The following `CustomImageDataset` class has a several notable features. First, the dimensions of images are hardcoded as 28 pixels high by 28 pixels wide. This corresponds to the dimensions of the images in the MNIST dataset.

Second, this dataset uses [`pandas.Dataframe`](https://pandas.pydata.org/docs/reference/api/pandas.DataFrame.html) objects for reading the CSV files and accessing the data inside of them.

Finally, the `__getitem__` method needs to extract the image and the label out of each row in the CSV file. These two values are provided to the caller as a tuple.

The image itself needs to be converted from a one-dimensional vector value (a list) into a 2-dimensional matrix (a list of lists). In addition, the grayscale values in the CSV files, stored as integers, need to be converted into a float value between 0.0 and 1.0. To do this conversion, you multiple the grayscale value by the decimal equivalent of 1/255.

In [None]:
class CustomImageDataset(Dataset):
    width = 28  # hard-coded width & height of image matrix
    height = 28

    def __init__(self, data_file, transform=None, target_transform=None):
        self.dataset = pd.read_csv(data_file)
        self.transform = (
            transform  # We would use ToTensor() if we were taking in raw images
        )
        self.target_transform = target_transform

    def __len__(self):
        return self.dataset.shape[0]

    def __getitem__(self, idx):
        label = self.dataset.at[idx, "label"]
        image = self.dataset.iloc[idx, 1:]

        # Create a matrix from the pandas.Series
        image = image.to_numpy() * 0.00392156862745098  # 1 / 255
        image = image.reshape(self.width, self.height)
        image = image.astype(float)
        image = torch.Tensor(image)

        if self.target_transform:
            label = self.target_transform(label)
        if self.transform:
            image = self.transform(image)
        return image, label

In [None]:
train_set = CustomImageDataset("mnist_train.csv")
test_set = CustomImageDataset("mnist_test.csv")

batch_size = 64
shuffle = False

train_dataloader = DataLoader(train_set, batch_size=batch_size, shuffle=shuffle)
test_dataloader = DataLoader(test_set, batch_size=batch_size, shuffle=shuffle)

With the dataset loaded into `DataLoader` objects, you can inspect them. For this tutorial, the datasets are provided to the training application in batches of 64 dataset rows.

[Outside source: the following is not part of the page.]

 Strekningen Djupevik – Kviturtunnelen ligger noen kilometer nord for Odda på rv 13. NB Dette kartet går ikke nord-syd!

Each dataset row contains a 28x28 image and a label (a value between 0 and 9).

In [None]:
for batch, (X, y) in enumerate(train_dataloader):
    print(len(X))
    print(len(y))

    first_image = X[0]
    first_label = y[0]

    print(len(first_image))
    print(first_label)  # This will be a Tensor object with a single scalar value, 5
    break

### Plot an image from the dataset.

For verify the data quality, plot the first item in the dataset to validate that it renders an image that matches the label.

In [None]:
first_image, label = (None, None)
for i in range(len(train_set)):
    sample = train_set[i]
    sample, label = sample
    first_image = sample.numpy()
    break

In [None]:
np.shape(first_image)
imgplot = plt.imshow(first_image, cmap="gray")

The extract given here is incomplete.